How to Respond to the Latest Mass Shooting

Wednesday morning, a former employee of a Virginia TV news station waited until two of his former colleagues were live on air, then filmed himself raising a gun and shooting them both dead. He uploaded the videos to Twitter before committing suicide. It is the first mass shooting since [scroll back in your social media timelines to a week ago, assuming you have to go that far].
The utterly thinkable has happened again, and so soon that you probably do not have any novel means of examining either your exhaustion or despair, presuming you’re capable of still feeling either.
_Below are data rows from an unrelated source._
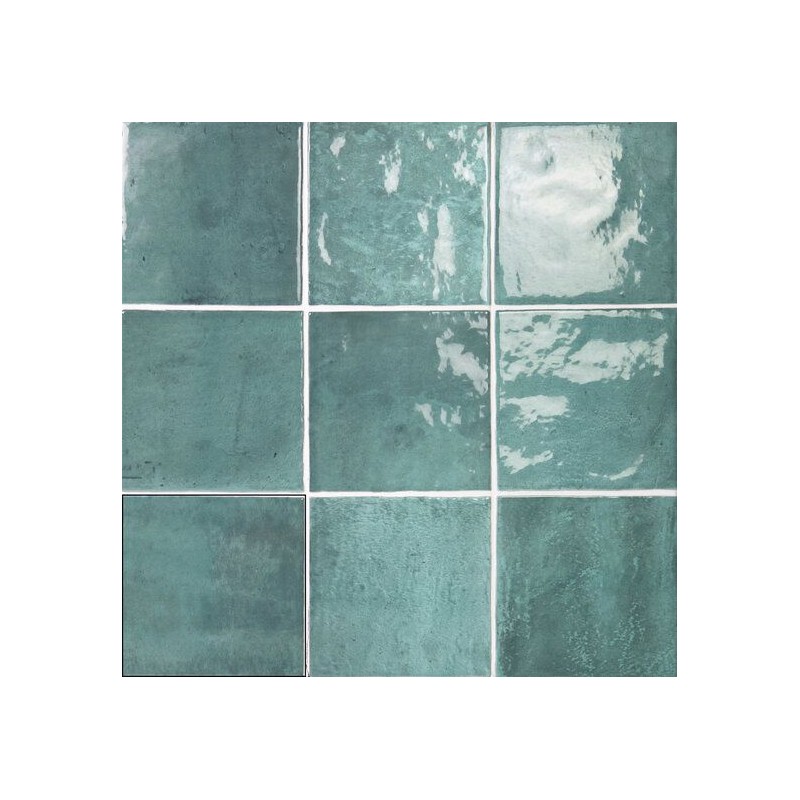 Azulejo efecto Monocolor Sorolla de Ape para Baño,Cocina,Residencial,Decoración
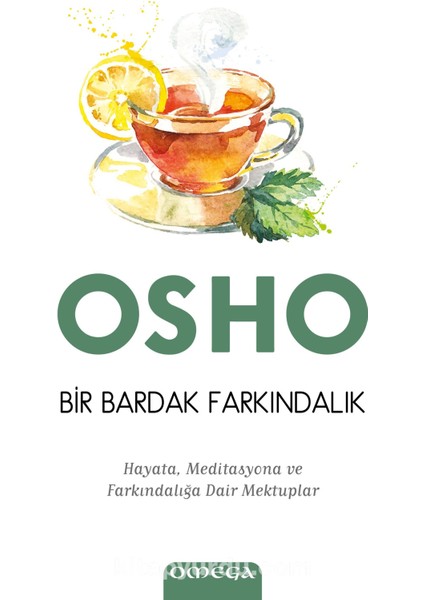 Bir Bardak Farkındalık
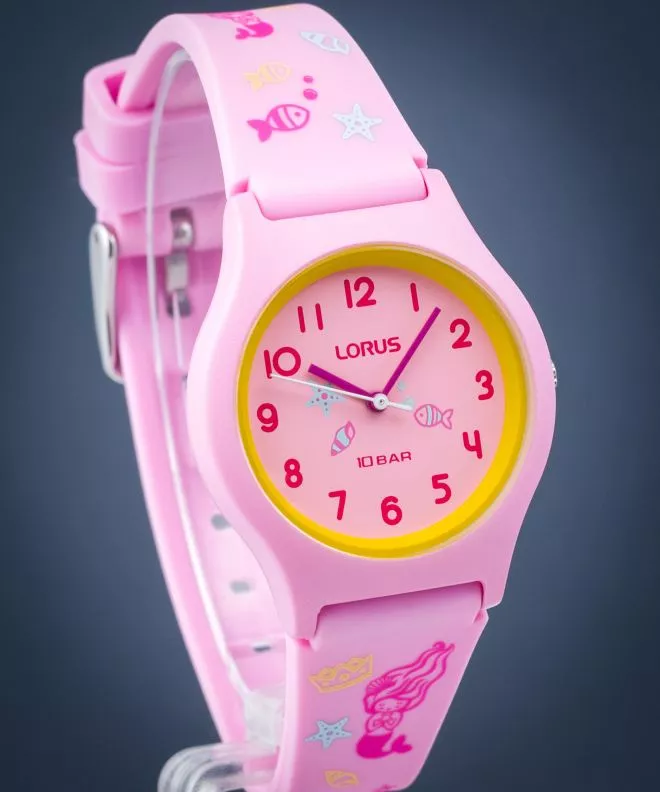 Lorus Kids Gyerek karóra RRX49HX9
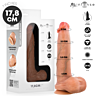Dildo MR. INTENSE Bruce S 17.8 cm cu testicule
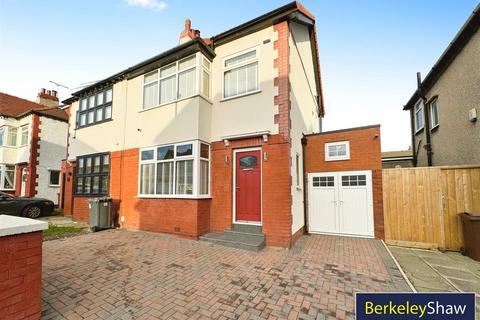 4 bedroom house for sale, Eden Drive North, Crosby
More likely, you’ve been reduced — by the relentless frequency of a politically tolerated and protected form of American death — to the sort of indifference every parent experiences when hearing, “Hey, mom! Watch this!” before her child does his umpteenth cannonball off the diving board. Nod, go back to looking at your smartphone. Just replace the splashes with gunshots.
But since we’re all live-curating existence now, everyone from average citizens to corporate newsrooms has to say something. National events have given, and now you must take — a hot take, pity take, concern-troll take, just take it already. What does it say about your brand presence within the metadialogue if you let the killer have the last vlog?
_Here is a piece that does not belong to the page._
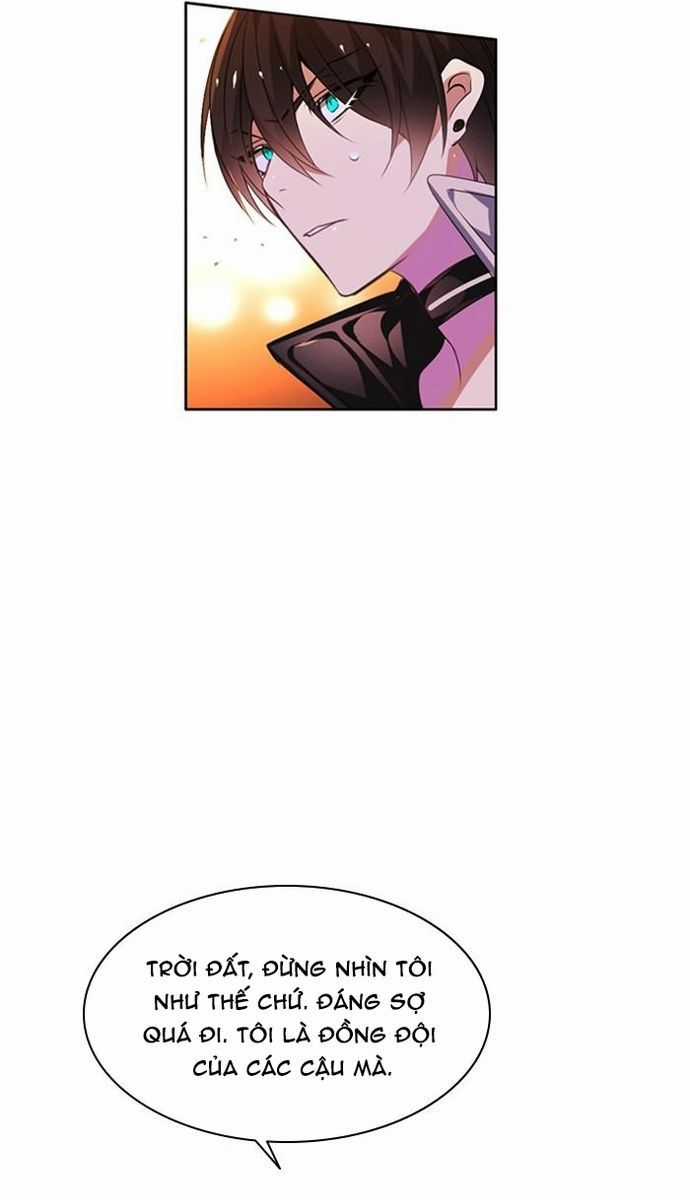 Zero Game - Chương 135 - Trang 30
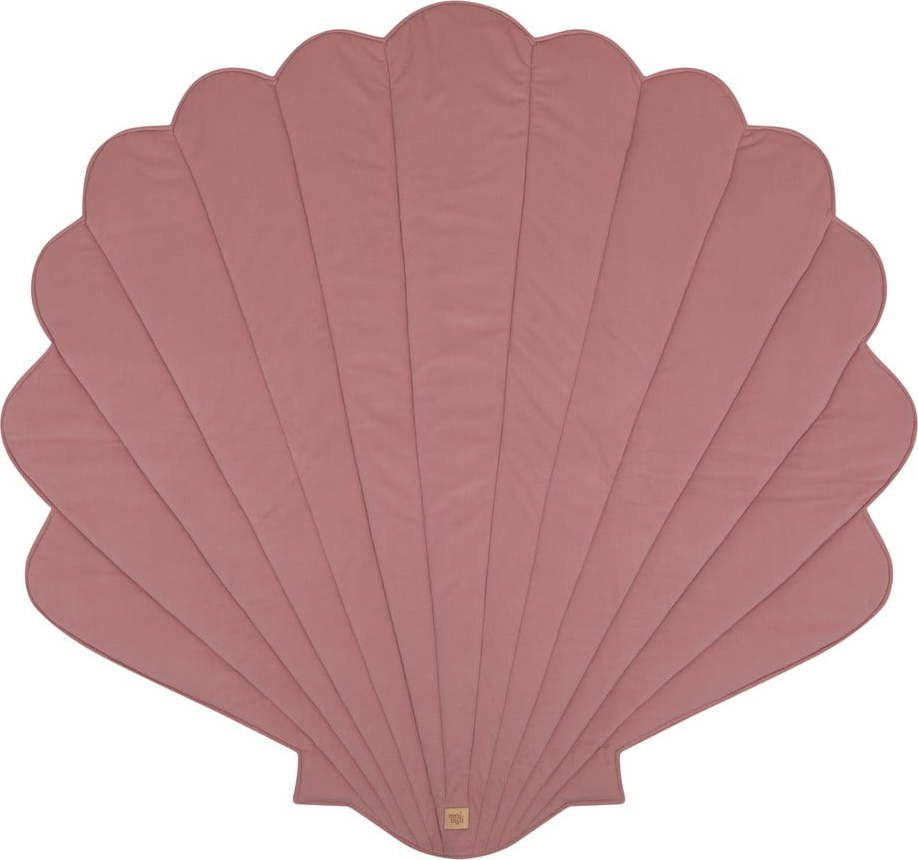 Dětská hrací deka Soft Pink - Moi Mili Moi Mili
With that in mind, here are some options you might consider.
1. “Don’t politicize this!”
Always a good take, and it involves ethical analysis as weighty as Galileo measuring the fall of a feather compared to a feather. I don’t mean you shouldn’t politicize this tragedy, of course – far from it. You should just shout that at everyone else. The net effect of stating that someone else should not politicize an event is declaring that their political opinion about it is unwelcome, crass, predatory or invalid. You can shame them for capitalizing on something terrible and get away with silencing someone else’s opinion without offering one yourself and thus implicitly state that your unspoken view is the only reasonable response. Don’t worry about seeming ethically inconsistent on this. Your refusal to countenance political calls for disarming Americans will work just as well even if you’ve spent the last month screaming about the sanctity of human life and calling for the end of federally funded abortions by a group that doesn’t perform abortions with federal funds, all because you saw some edited videotapes created by Dr. Nick Riviera’s Fetus Defense Hut. Human life is serious business, especially if someone you agree with has FinalCut Pro. If someone you disagree with has a Vine, we must wait the appropriate amount of time until most fellow Americans are no longer thinking about this.